In "Mitt Quits. Again. Probably." the NYT's resident satirist, Gail Collins, acutely assesses the man: "Romney has mutated a lot in the time we’ve known him, but the one clear, shining quality that never wavers is his complete inability to make a strong, clear statement."
The latest iteration of Mitt's marvelous circumlocutory powers is of course his instantly famous "That seems unlikely," when asked, by his own imagination, if he would ever change his mind — "Again." — not to run. So Mitt's completely out, although he's not entirely out. Perhaps he's only plotting a 2020 run against President Clinton, or a 2024 run against Chelsea, or maybe he's laying the groundwork to tackle Charlotte Clinton Mezvinsky in 2052; or maybe, just maybe he'll be back yet, this year or next.
This, I know, is the thinnest of pixie-dusted reeds upon which I have ever seized. Like Fredo Corleone, Mitt broke my heart yesterday with his sudden betrayal of appearances and faithless disengagement from the field. But unlike Michael, I'm willing to forgive. I need, his party needs, yea no less than the nation needs Capo Romney back in the game; for without him, what have we but a breathtakingly stale, mostly untested and pitiably chaotic crop of GOP mobsters?

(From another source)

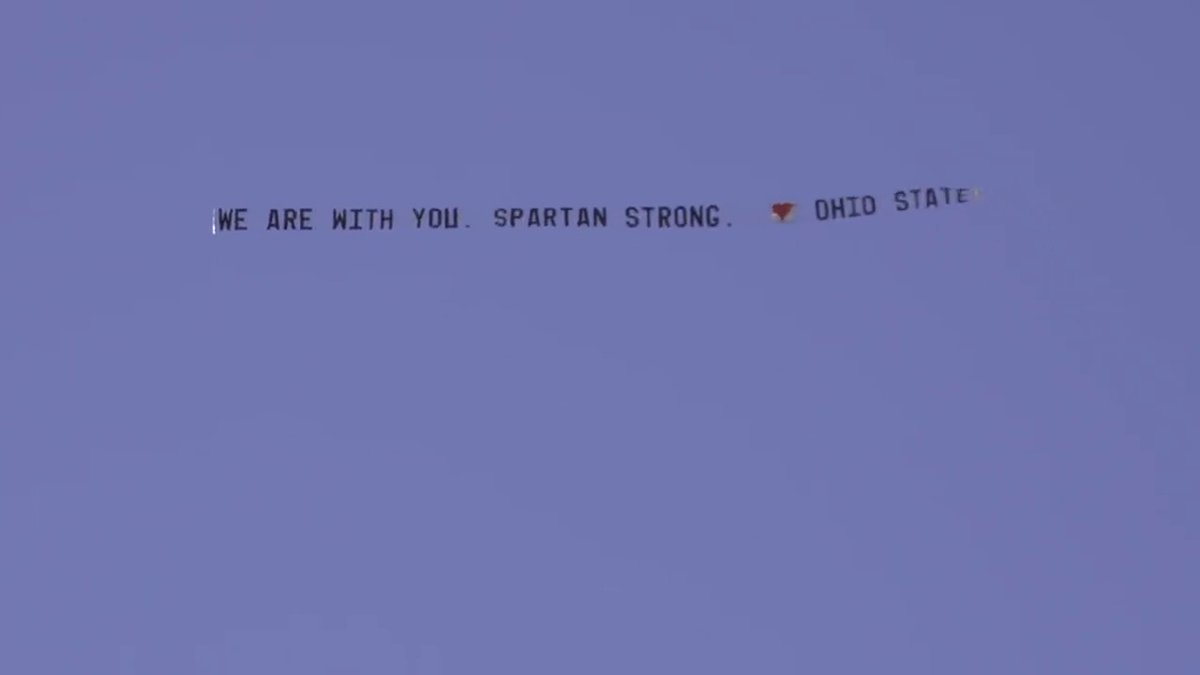 As Spartans return back to campus today, we are with you MSU. #SpartanStrong ❤️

Fredo "the Pol" Romney, you see, operated on a firm, Al Frankenlike philosophical foundation: He was smart enough, he was good enough, and gosh darnit he deserved it. He was clueless from there on out, but at least in Fredo R. we saw an almost Nietzschean will to power, based merely on limitless ego, a Gottian readiness to screw the Everyman, and a consequent few hundred million dollars.
Is this not the personalized core of the fetid, pseudoconservative, gangster-swarming Republican Party? Does some lowlife underboss like Ted Cruz or passed-over wannabe like Bu… or sleepy sociopath like (gasp!) Scott Walker think he can really fill the Louis Vuitton shoes of visionary Fredo "the Pol" Romney?
I think not. And Romney, as he articulated in his garbled confession yesterday, knows that is sure as hell not the case. So, to mix cinematic metaphors, Mitt … Mitt … Come back!